**Your assignment**
Your copy should run exactly from the line containing "slither rug - item 1595828" to the last line of the entries below, and it should include no pictures.
● ● ● ● ●
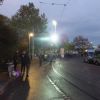 DSCF5781.JPG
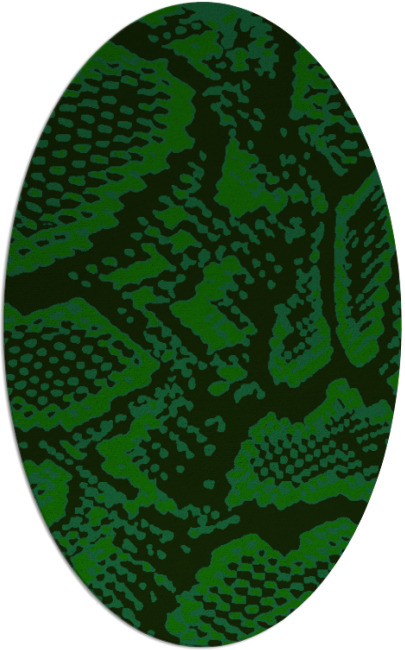 slither rug - item 1595828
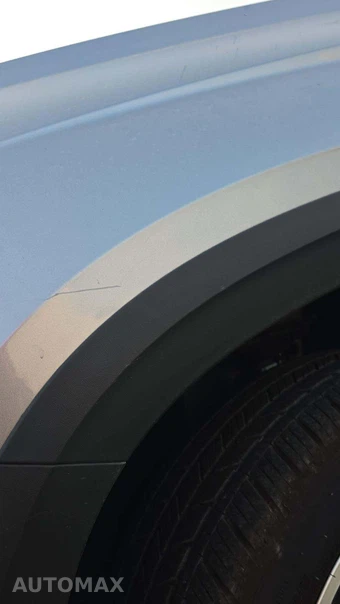 2024 Volkswagen Taos SE - miniatura 27
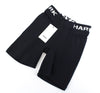 Shorts Legacy Fitness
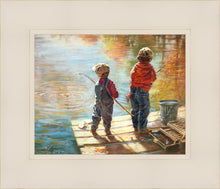 Load image into Gallery viewer, Keepers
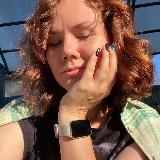 Аватарка канала Тайное Королевство⚜️Юлии Бабчинской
● ● ● ● ●
**Exercise output**
 slither rug - item 1595828
 2024 Volkswagen Taos SE - miniatura 27
 Shorts Legacy Fitness
 Load image into Gallery viewer, Keepers
 Аватарка канала Тайное Королевство⚜️Юлии Бабчинской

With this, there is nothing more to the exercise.